This revision ensures that the discussion of the wavelengths selected by the PLS_VIP method correctly points to the corresponding figure, and likewise for the discussion of the Lasso method. Thank you again for your sharp eye and for helping us improve the quality of our manuscript.

 

Author Response File: Author Response.pdf

Reviewer 3 Report

Comments and Suggestions for Authors

This study explores modeling methods for moisture prediction of compressed and powdered alfalfa, revealing the significant impact of physical form on spectral response and model performance. Through multi-path modeling optimization, the manuscript systematically compares various combinations of preprocessing methods, feature wavelength selection methods, and regression algorithms. Moreover, the manuscript's robustness evaluation method is scientific, enhancing the reliability of the results through repeated experiments. However, several aspects merit improvement to further strengthen the manuscript:

  1. The Introduction could include a comparison of this method with traditional near-infrared spectroscopy, artificial intelligence, or other rapid detection technologies in terms of cost, accuracy, and speed.For example, the following article can be referenced:

[1] Next-generation optical imaging and spectroscopy: Applications of artificial intelligence and chemometrics in assessing grain authenticity, nutritional value, and adulterants [J]. Critical Reviews in Food Science and Nutrition, 2025, 24(5), e70248.

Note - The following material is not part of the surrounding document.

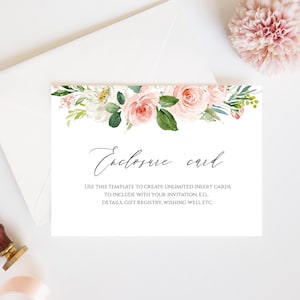 Boho-Beilagenkartenvorlage, druckbare Einladungsbeilage, bearbeitbare Brautparty-Beilage, Blush Info-Kartendetails, Geschenkregistratur Templett C9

  1. Section 2.4-2.5 provide a detailed introduction to various preprocessing methods, feature wavelength selection methods, and regression models, but over-describing the details of various methods may distract the reader's interest.It is recommended tofocus on the innovativeness of the best method.
  2. Section 3.4.1 presents the best predictive model, but almost every model’s Rc²shown in Table 3 is smaller than Rp².Generally, a reliable model should have Rc² close to Rp² and Rc² slightly larger than Rp². Therefore, it is recommended to partition the sample set and supplement relevant experiments or discussions to confirm the reliability of the model.

Author Response

Comments 1: The Introduction could include a comparison of this method with traditional near-infrared spectroscopy, artificial intelligence, or other rapid detection technologies in terms of cost, accuracy, and speed. For example, the following article can be referenced:[1] Next-generation optical imaging and spectroscopy: Applications of artificial intelligence and chemometrics in assessing grain authenticity, nutritional value, and adulterants [J]. Critical Reviews in Food Science and Nutrition, 2025, 24(5), e70248.

Response 1:

We sincerely thank the reviewer for the valuable suggestion to include a comparison with traditional near-infrared spectroscopy, artificial intelligence, and other rapid detection technologies in terms of cost, accuracy, and speed. We agree that this comparison is crucial for contextualizing our research.

We were unable to access the specific article suggested (Critical Reviews in Food Science and Nutrition, 2025), which appears to be a very recent publication. However, to thoroughly address your insightful comment, we have conducted a careful literature search and identified three highly relevant, recent articles from Food Control and Computers and Electronics in Agriculture. These studies provide concrete, up-to-date examples that allow us to perform the comparison you requested with even greater specificity.

Accordingly, we have substantially revised a key paragraph in the Introduction. This enhanced section now explicitly compares HSI with traditional NIRS and discusses the trade-offs in terms of cost, accuracy (robustness), and speed (complexity), using evidence from these new references.

The revised paragraph now accomplishes the following:

(1) It begins by directly contrasting HSI with traditional NIRS, highlighting HSI's unique advantage in handling sample heterogeneity by citing recent studies on wheat grains and jujubes where sample form and orientation were critical factors.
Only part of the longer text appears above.